In this paper, we presented an approach based on the articulated-body algorithm to derive the dynamic equations of a multibody vehicle model amenable to minimum-lap-time planners. We tackled the 3D nature of the problem in its full extension, making no restrictive assumptions on the mechanics of the system and describing it with rigorous dynamical equations. For the solution of the MLTP, we employed a direct-collocation method, discretizing the problem so that all information of the 3D track was pre-processed and then embedded into the discrete formulation directly. This turned out to be perfectly compatible with our modeling approach, and enabled optimal solutions within accessible computational time frames to be obtained. Given the high level of detail and complexity of the model, we found the proposed approach most useful for in-depth vehicle dynamics analyses on complex tracks.

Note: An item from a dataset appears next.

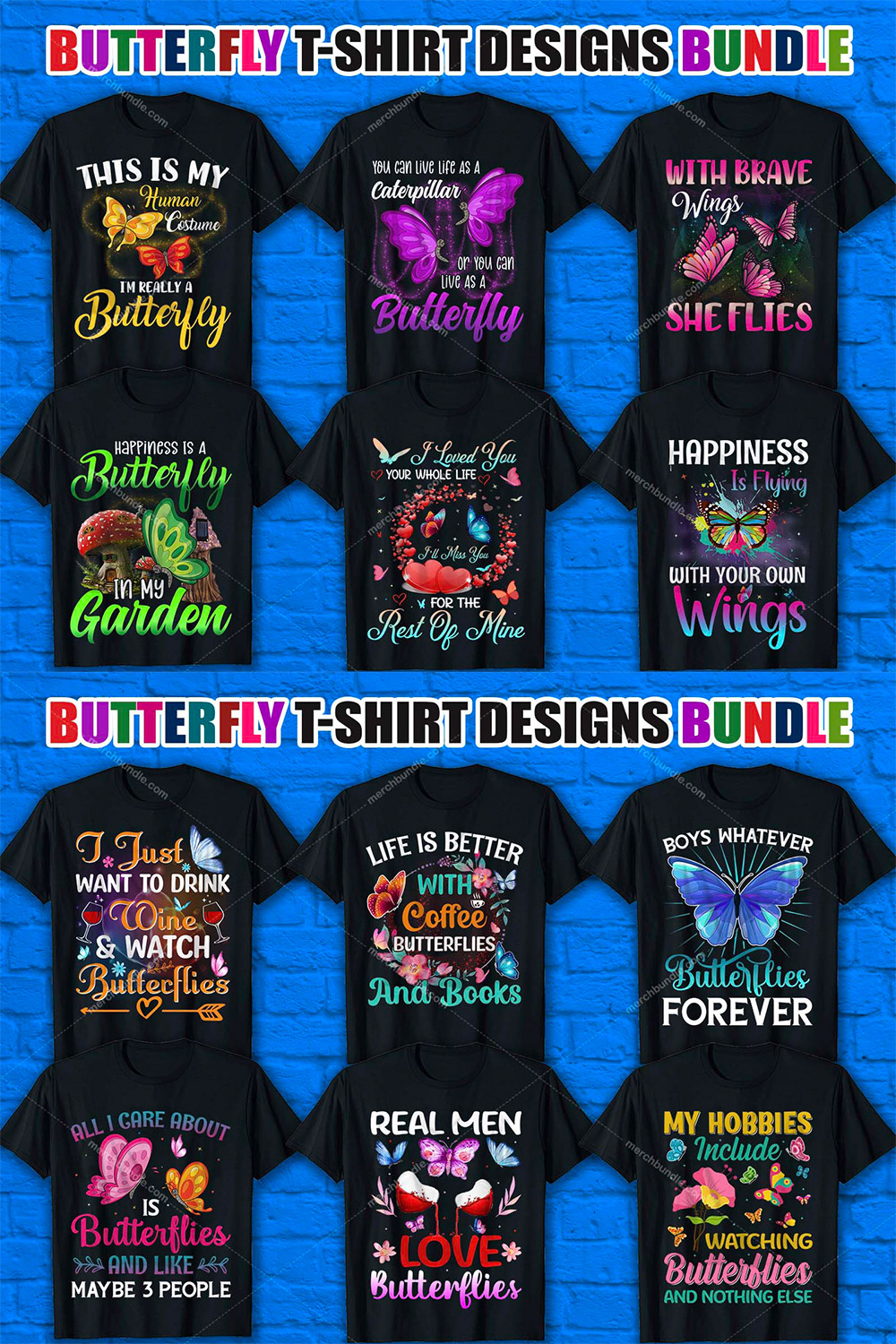 T-Shirt Butterfly Design Bundle Pinterest image.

To substantiate the analysis and assess its validity, we simulated the model of a Formula SAE car on a sector of the Nürburgring Nordschleife circuit, and we provided a detailed comparison with the baseline results provided by a similar MLTP based on the more conventional double-track model. Overall, we observed that the proposed ABA approach agrees, on average, with the trend defined by the double-track model. Noticeably, it features a richer dynamical content, as its higher-order dynamics are elicited by the sharp slope and banking variations of the road plane. Profitably exploiting the features of the 3D track, the ABA-based planner manages to achieve a more dynamic and realistic driving style of the vehicle compared to the classic double-track model.